Charcot-Leyden crystal protein or galectin-10 (Gal-10) is an atypical galectin preferentially binding b-mannosides. It takes part in sequestration and vesicular transport of eosinophil granule cationic ribonucleases: eosinophil-derived neurotoxin and eosinophil cationic protein⁴⁰ and was found to poses lysolecithin acylhydrolase (lysophospholipase; phospholipase B) activity. Released upon degranulation, it is ubiquitous in sputum of EA patients and considered a marker of eosinophilic inflammation. It is thought to regulate immune responses through the recognition of cell-surface glycans and may possess IgE-binding capability. Furthermore, through lysophospholipase activity, it may hydrolyze 1) phospholipids, producing arachidonic acid for synthesis of eicosanoids of important role in asthma pathogenesis and 2) surfactant phosphatidylcholine, leading to surfactant dysfunction and small airway closure⁴¹.

Recently, the existence of regulatory CD16-high eosinophils with distinct suppressor function on T-cell proliferation has been suggested, with their function likely mediated by Gal-10 in immune synapses between eosinophils and lymphocytes⁴². Furthermore, Gal-10 was recently found to be expressed in human CD4(+)CD25(+)Foxp3(+) T regulatory cells (Treg), while nearly absent in resting and other activated CD4(+) T cells. In Treg cells this lectin is essential to limit proliferation and suppressive function, similarly to the above CD16-high eosinophils⁴³.

CLC shares transcription factor Sp1 with ATP1B1, RECK, FBN3, FADS6 and SLC19A1, which points to a possible involvement in a common biological process.

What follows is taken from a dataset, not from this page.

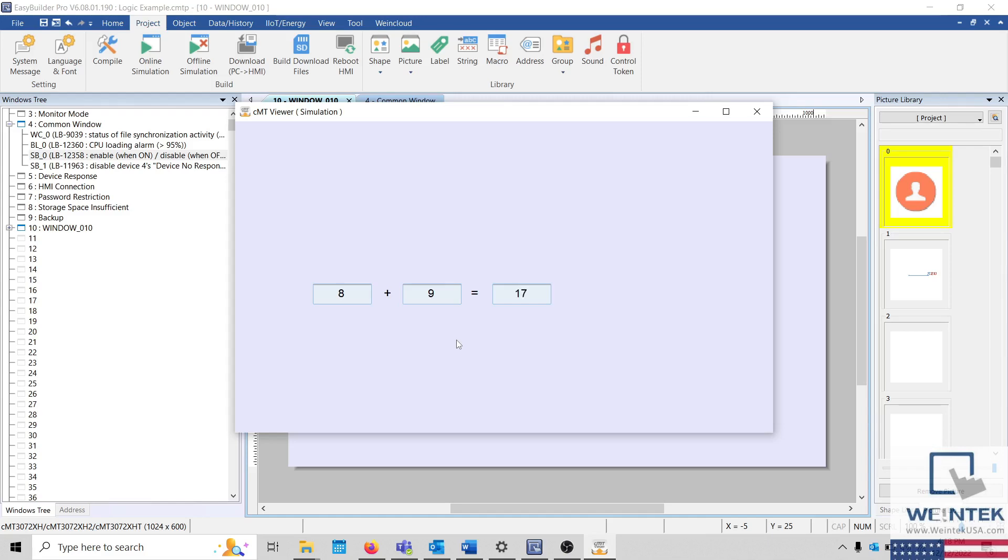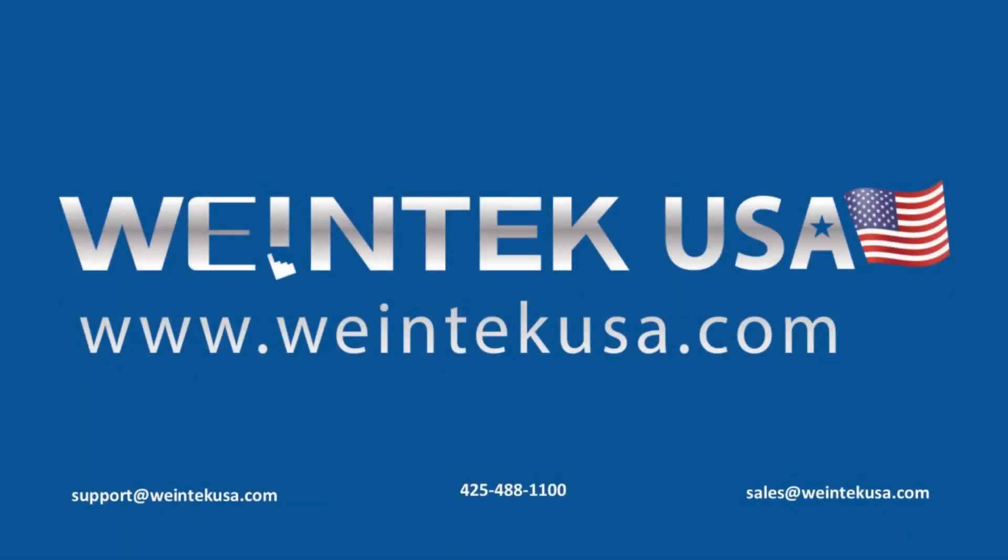Thank you for watching this quick tip created by WinTechUSA Support. For more information about our software and our products, please visit WinTechUSA.com.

Consequently, CLC was included in transcriptomic cluster TAC1 of patients with high sputum eosinophilia in the abovementioned U-BIOPRED asthma study³⁷ and associated with asthma in an epigenome-wide association study (EWAS)⁴⁴.

Since galectins can frequently act as both positive and negative modulators of the same processes, possibly depending on isoform plasticity, posttranslational modifications, localization or cofactors⁴⁵, further research is needed to assess if galectin-10 can be influenced to act as an anti-inflammatory factor, similar to galactin-9 (Gal-9). This galectin, released by various cell types plays a substantial role in control of effector cells and Th1/Th2 balance. It is known to be upregulated upon CMV infection through induction of IFN-b⁴⁶ and released upon calcium-mediated exocytosis⁴⁷. It is able to reduce Th2-associated airway inflammation and airway hyperresponsiveness through binding with T cell immunoglobulin mucin domain 3 (Tim-3), persistently expressed on functional T-cells during chronic viral infections. By inducing maturation of monocyte-derived dendritic cells it promotes Th1-associated immune response. It also triggers apoptosis of mature Th1 cells by aforementioned Tim-3 receptor, preventing degranulation of mast cells by forming complex with IgE⁴⁸ and inhibits interaction-dependent migration of inflammatory cells via CD44 pathway ^49–52. These properties elicit galectin-9 and possibly galectin-10 as potential candidates for development of novel protein drugs for the treatment of asthma.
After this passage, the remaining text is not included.